***** Given entries

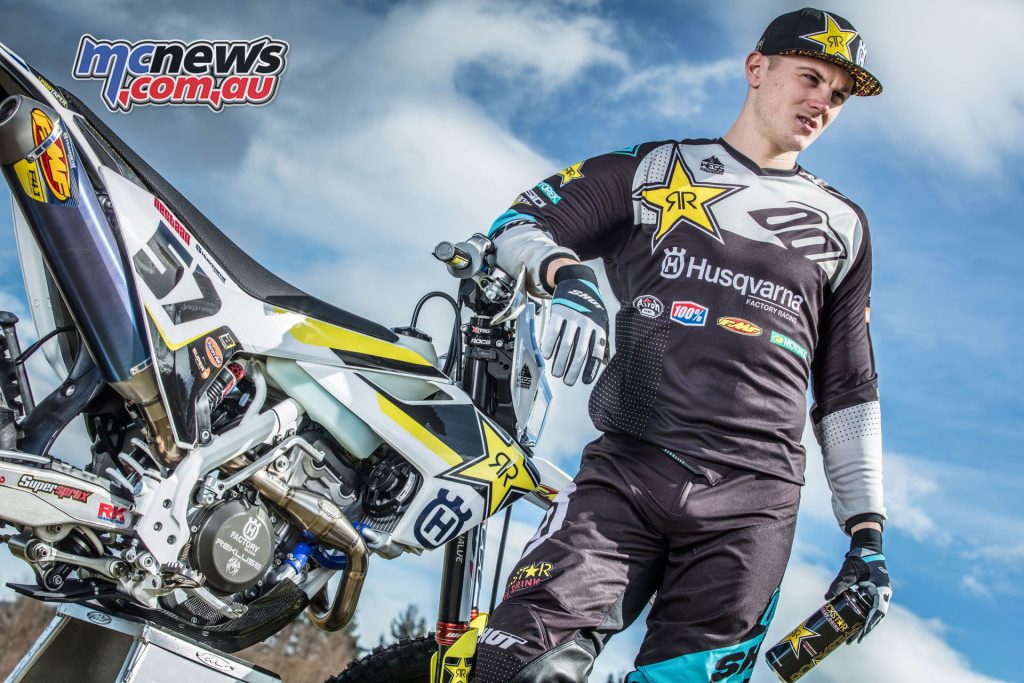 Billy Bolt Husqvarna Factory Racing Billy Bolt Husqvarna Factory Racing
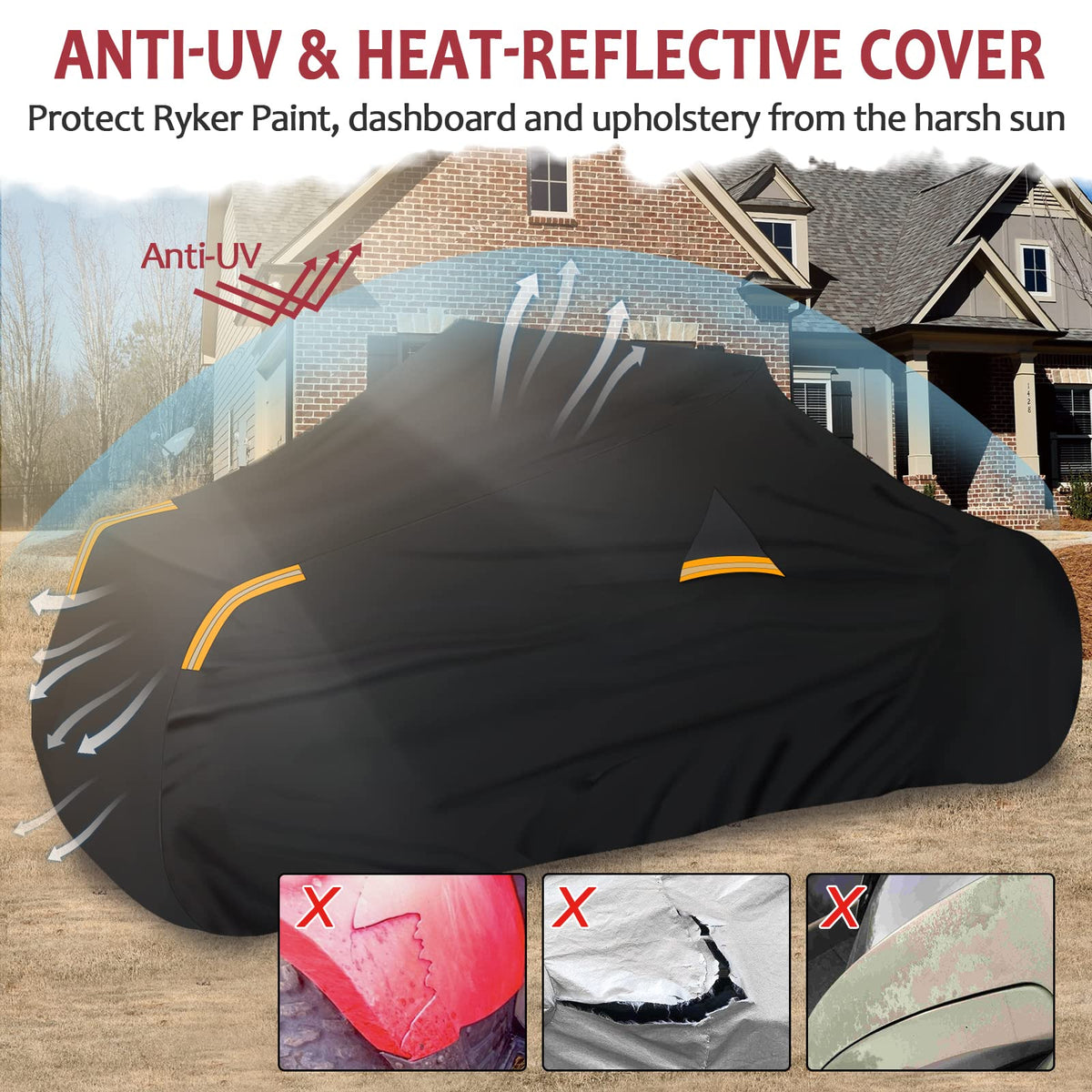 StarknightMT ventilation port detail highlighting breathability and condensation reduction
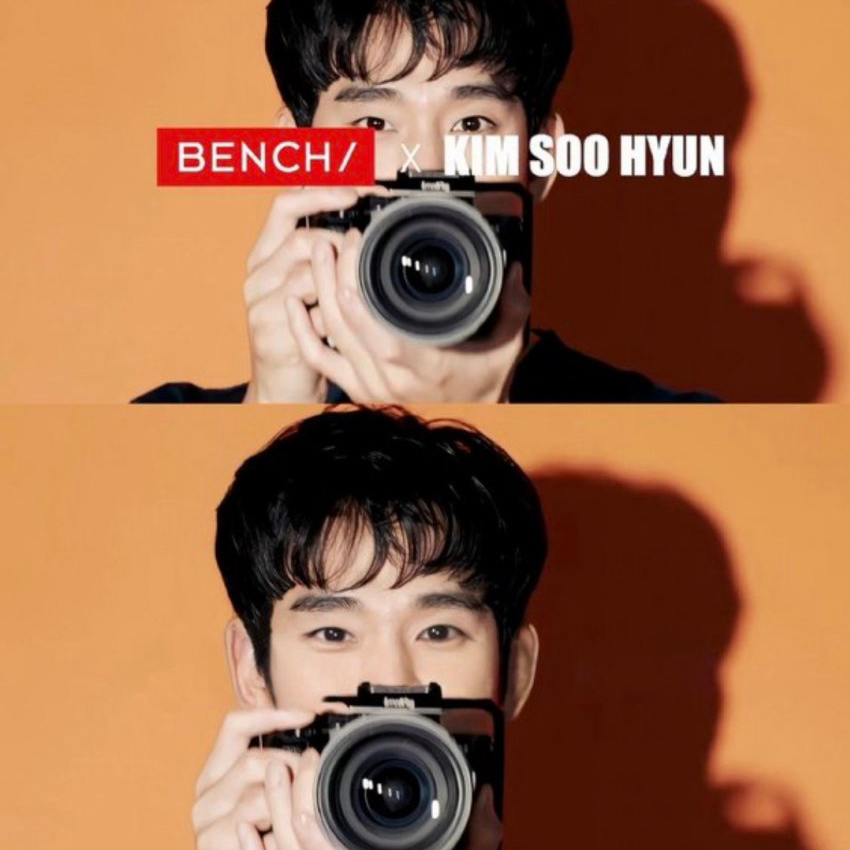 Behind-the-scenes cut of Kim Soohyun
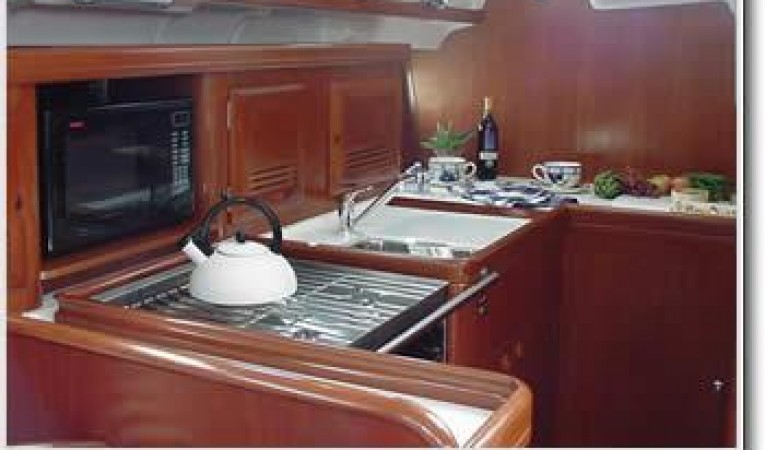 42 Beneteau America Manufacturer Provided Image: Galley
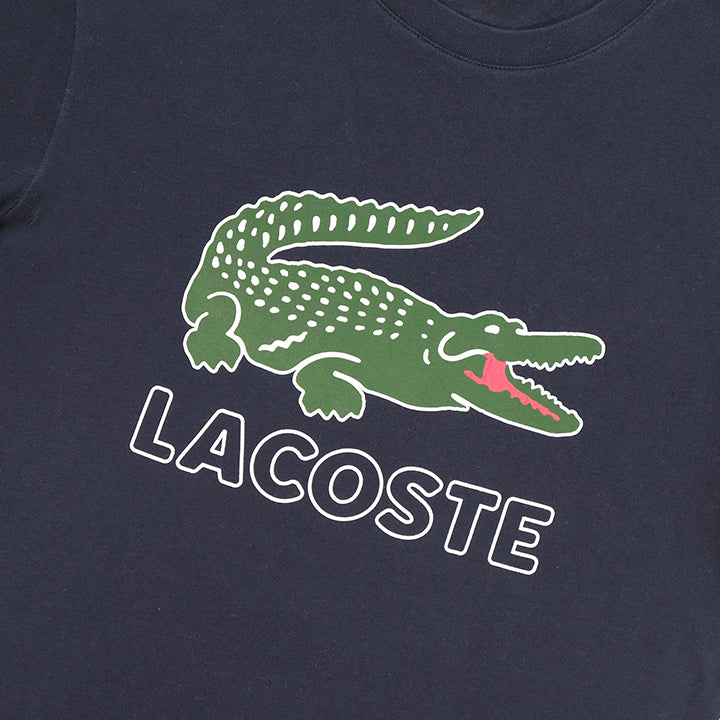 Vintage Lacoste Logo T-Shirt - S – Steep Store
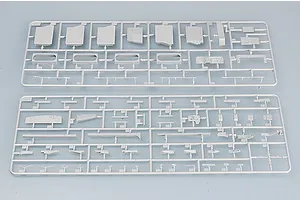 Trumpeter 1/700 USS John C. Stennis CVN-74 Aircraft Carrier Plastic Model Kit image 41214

**********

> _Exercise_:
With all pictures omitted, repeat every record above word for word.

> _Result_:
 Billy Bolt Husqvarna Factory Racing Billy Bolt Husqvarna Factory Racing
 StarknightMT ventilation port detail highlighting breathability and condensation reduction
 Behind-the-scenes cut of Kim Soohyun
 42 Beneteau America Manufacturer Provided Image: Galley
 Vintage Lacoste Logo T-Shirt - S – Steep Store
 Trumpeter 1/700 USS John C. Stennis CVN-74 Aircraft Carrier Plastic Model Kit image 41214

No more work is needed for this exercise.